Task statement |
Two lines in the listing below mark the span: one contains "V Gemuetliches Gartenhaus" and one contains "2632 NE 26th Ave Fort Lauderdale, FL 33306". Reproduce both of them and everything between, exactly.

Data for this task |

__________________________________________________

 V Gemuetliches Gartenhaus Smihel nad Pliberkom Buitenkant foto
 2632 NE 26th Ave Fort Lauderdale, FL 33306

__________________________________________________

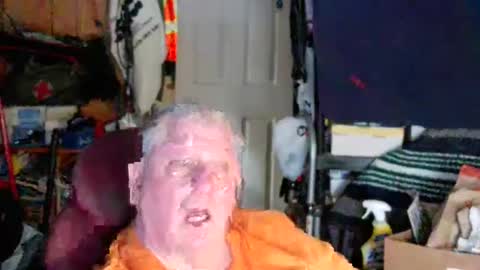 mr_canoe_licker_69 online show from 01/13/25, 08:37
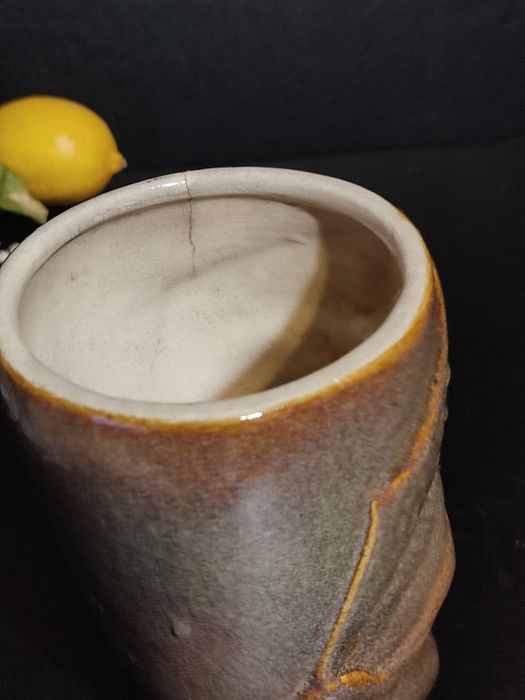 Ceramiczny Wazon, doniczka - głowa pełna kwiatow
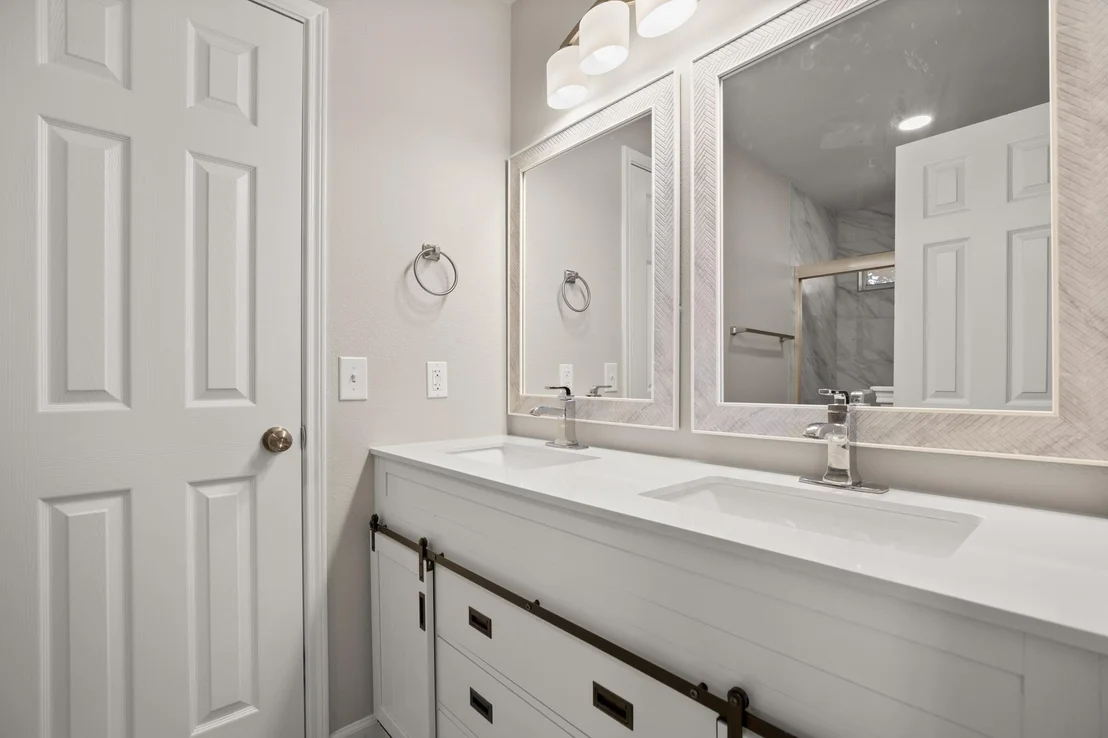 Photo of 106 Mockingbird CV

__________________________________________________

Solution |
 V Gemuetliches Gartenhaus Smihel nad Pliberkom Buitenkant foto
 2632 NE 26th Ave Fort Lauderdale, FL 33306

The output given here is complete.